It’s more like a party than a traditional performance. Oaxaca’s annual Guelaguetza folkloric festival draws crowds from throughout Mexico and all over the world.
If you hang around the stage at the end while most of the crowds leave, you might be handed a small cane cup filled with mezcal and get a close-up photo, too.
I hosted a group of Australians and we had third row seats. That’s the luck of the draw, plus mostly getting to the tourism office early. We bought these tickets in early June.
Even photo out-takes are worth looking at!
For a discussion about the cultural and political controversy surrounding Guelaguetza, see my July 24, 2014 post.
People ask me all the time if Oaxaca is safe. There were 11,000 people in the audience, plus all the performers. Instead of the crush, we did the WAVE!
The exit is through a narrow underground tunnel and then down the Cerro del Fortin steps. Most of us left that way! Everyone was calm, helpful, friendly, gracious and orderly.
We took a few minutes to stop and look at the stunning views of the city and the Santo Domingo Church below.
Is Oaxaca safe? YES!
One big crowd pleaser is the Dance of the Feather — Danza de la Pluma. It is a story of the Spanish conquest over the Aztecs. Many villages do this ritual dance. It is an important part of indigenous Mexican identity.

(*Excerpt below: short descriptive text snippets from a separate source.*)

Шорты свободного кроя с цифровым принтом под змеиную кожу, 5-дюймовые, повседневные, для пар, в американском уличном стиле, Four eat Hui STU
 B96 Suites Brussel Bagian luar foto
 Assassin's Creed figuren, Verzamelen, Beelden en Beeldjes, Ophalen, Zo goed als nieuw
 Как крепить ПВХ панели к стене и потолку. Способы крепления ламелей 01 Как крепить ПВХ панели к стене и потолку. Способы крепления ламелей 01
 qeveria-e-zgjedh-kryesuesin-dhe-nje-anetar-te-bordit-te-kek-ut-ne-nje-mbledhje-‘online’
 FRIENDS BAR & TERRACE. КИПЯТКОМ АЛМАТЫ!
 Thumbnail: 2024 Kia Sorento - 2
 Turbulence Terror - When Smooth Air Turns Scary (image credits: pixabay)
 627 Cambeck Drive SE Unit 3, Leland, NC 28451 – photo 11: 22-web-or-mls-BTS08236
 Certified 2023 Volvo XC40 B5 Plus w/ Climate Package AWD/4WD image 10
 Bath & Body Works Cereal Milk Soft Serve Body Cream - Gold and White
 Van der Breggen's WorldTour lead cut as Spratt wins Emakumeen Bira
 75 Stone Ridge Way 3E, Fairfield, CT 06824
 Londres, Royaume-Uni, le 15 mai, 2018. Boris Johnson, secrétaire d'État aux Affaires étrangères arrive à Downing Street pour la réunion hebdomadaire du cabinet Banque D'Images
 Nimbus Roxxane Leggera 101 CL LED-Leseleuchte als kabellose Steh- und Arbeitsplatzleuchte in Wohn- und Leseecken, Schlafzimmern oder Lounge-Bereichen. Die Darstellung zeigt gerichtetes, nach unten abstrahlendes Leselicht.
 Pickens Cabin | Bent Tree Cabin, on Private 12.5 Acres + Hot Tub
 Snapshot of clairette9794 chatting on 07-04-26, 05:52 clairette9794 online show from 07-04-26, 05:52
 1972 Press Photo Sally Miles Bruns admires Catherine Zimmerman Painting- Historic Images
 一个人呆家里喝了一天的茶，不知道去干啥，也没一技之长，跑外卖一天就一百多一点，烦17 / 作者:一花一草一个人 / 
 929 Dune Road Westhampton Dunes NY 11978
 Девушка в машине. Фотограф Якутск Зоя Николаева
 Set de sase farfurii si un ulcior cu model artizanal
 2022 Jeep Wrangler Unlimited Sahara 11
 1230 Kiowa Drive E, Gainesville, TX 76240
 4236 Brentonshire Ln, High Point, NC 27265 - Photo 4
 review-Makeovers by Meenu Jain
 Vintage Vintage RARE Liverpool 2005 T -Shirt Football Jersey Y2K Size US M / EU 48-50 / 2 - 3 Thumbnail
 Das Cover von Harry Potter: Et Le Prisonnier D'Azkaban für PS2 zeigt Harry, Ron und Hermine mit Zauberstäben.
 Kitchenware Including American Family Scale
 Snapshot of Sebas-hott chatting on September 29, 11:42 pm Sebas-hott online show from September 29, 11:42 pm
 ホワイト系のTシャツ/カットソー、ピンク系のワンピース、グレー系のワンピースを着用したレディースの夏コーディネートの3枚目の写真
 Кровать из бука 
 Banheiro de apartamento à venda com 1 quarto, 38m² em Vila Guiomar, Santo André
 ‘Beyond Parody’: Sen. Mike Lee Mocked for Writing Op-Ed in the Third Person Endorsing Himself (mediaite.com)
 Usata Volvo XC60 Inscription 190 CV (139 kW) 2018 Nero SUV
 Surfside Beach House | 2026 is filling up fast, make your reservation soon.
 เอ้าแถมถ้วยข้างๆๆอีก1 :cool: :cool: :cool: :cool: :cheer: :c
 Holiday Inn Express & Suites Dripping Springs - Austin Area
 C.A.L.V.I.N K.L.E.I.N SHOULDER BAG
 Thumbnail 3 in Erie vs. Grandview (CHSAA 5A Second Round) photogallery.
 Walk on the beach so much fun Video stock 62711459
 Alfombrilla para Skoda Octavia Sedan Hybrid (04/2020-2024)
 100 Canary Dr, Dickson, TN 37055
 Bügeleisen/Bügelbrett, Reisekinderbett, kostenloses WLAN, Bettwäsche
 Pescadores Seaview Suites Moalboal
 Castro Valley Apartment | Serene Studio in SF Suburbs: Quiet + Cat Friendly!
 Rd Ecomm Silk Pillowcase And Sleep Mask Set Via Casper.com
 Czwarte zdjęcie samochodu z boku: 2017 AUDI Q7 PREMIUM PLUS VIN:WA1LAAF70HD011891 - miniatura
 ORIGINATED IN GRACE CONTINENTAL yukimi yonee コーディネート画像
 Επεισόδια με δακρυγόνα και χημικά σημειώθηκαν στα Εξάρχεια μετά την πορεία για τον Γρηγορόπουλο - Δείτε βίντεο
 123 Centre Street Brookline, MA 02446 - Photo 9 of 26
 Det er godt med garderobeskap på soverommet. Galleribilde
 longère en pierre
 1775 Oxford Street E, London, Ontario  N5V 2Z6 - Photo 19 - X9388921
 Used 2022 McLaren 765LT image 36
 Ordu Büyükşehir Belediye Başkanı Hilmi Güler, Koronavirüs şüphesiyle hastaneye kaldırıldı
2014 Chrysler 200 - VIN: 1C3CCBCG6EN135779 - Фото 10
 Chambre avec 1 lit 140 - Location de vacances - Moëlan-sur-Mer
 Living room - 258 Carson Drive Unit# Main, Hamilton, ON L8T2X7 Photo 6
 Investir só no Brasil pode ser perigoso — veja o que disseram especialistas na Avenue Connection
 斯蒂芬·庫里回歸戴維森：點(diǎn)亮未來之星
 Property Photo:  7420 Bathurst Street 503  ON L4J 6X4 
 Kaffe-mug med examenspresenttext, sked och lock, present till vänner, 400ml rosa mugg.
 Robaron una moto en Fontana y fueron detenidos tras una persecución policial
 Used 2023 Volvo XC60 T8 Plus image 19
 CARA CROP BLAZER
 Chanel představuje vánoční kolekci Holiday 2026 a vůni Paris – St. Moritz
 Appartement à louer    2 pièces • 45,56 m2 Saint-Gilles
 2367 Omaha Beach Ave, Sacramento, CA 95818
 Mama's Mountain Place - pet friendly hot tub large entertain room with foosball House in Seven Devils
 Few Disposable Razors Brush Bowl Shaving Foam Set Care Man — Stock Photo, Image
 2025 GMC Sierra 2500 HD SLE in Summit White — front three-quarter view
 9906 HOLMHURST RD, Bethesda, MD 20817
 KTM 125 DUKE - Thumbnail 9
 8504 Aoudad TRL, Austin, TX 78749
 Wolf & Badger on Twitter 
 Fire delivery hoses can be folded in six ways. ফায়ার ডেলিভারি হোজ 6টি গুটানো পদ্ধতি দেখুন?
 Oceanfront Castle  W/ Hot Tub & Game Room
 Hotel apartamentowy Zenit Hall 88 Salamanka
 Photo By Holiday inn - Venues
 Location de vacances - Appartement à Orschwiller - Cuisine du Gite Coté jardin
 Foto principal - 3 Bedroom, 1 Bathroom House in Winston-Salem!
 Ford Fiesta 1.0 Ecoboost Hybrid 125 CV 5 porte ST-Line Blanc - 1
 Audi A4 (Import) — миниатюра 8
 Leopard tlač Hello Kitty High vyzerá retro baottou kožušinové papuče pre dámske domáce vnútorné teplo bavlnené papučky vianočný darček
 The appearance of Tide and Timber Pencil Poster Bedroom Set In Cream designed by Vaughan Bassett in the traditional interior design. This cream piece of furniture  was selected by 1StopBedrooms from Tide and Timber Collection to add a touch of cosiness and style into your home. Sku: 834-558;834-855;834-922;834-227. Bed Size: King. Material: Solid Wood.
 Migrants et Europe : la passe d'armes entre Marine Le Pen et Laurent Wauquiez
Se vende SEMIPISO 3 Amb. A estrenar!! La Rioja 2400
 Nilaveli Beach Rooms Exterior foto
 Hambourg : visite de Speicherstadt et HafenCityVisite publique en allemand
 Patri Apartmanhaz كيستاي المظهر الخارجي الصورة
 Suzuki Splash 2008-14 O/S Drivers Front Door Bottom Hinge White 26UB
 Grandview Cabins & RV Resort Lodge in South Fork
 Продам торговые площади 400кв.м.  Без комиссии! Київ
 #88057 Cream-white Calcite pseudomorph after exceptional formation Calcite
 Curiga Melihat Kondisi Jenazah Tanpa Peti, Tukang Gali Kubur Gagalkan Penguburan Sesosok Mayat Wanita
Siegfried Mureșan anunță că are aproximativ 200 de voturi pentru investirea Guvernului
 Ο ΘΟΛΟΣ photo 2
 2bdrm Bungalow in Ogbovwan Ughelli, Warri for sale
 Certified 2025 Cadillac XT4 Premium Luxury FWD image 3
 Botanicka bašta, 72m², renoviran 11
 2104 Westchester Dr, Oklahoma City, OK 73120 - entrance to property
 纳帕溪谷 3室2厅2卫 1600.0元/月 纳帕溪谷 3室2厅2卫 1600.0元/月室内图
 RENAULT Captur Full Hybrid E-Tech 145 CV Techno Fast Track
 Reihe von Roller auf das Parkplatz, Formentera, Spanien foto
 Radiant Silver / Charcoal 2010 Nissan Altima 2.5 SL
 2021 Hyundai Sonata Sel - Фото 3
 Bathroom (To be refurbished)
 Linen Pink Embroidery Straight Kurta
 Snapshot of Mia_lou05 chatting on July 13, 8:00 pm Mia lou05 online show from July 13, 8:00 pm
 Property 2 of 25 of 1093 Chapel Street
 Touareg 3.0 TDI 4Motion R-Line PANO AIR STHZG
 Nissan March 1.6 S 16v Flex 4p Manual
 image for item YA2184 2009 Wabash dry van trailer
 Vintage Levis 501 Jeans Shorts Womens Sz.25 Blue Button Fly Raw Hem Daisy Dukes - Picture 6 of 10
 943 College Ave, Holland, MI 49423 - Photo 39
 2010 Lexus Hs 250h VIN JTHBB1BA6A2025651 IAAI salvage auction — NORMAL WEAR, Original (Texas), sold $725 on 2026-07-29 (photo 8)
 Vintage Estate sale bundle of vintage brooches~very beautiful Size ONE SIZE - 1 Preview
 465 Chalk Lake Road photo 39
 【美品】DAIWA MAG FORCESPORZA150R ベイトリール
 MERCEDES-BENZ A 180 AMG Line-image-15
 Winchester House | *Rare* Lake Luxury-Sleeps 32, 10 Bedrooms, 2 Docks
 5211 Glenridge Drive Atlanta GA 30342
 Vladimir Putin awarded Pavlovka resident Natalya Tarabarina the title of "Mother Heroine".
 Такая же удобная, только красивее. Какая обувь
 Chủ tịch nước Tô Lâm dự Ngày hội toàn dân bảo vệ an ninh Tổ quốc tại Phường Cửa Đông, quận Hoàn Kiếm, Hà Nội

The chief dancer is the Moctezuma, and featured are two girls, each representing the duality of Mexico — The Malinche and Doña Marina — who are one and the same. How high the dancers leap is a feat of pure prowess and determination.
Everyone in the crowd was hoping to catch a pineapple — one of the Guelaguetza gifts thrown — actually hurled — from the stage into the audience by each village represented.
If we had our hands and a hat up, we got bread, radishes, lettuce, palm hats and fans, rolls, tortillas, sticky tamarind fruit, ritual bunches of fragrant greens.
I managed to catch a bunch of bananas that I shared with my neighbors in keeping with the meaning of Guelaguetza. Only the front row received the pineapples. I think the organizers were afraid of injury!
By the time we left the auditorium it was almost 10 p.m. We were hungry and thirsty. Somehow, sweet rolls didn’t seem enough. My mantra: time for a mezcal margarita and a good meal. This is the hour most Mexicans have their dinner! It was way past my bed-time.
Our group of five women walked about six blocks to La Biznaga where we were lucky to find an open table. Beware: the margaritas are especially potent! The spinach lasagna (yes, Italian) was wonderful. Safe? Yes!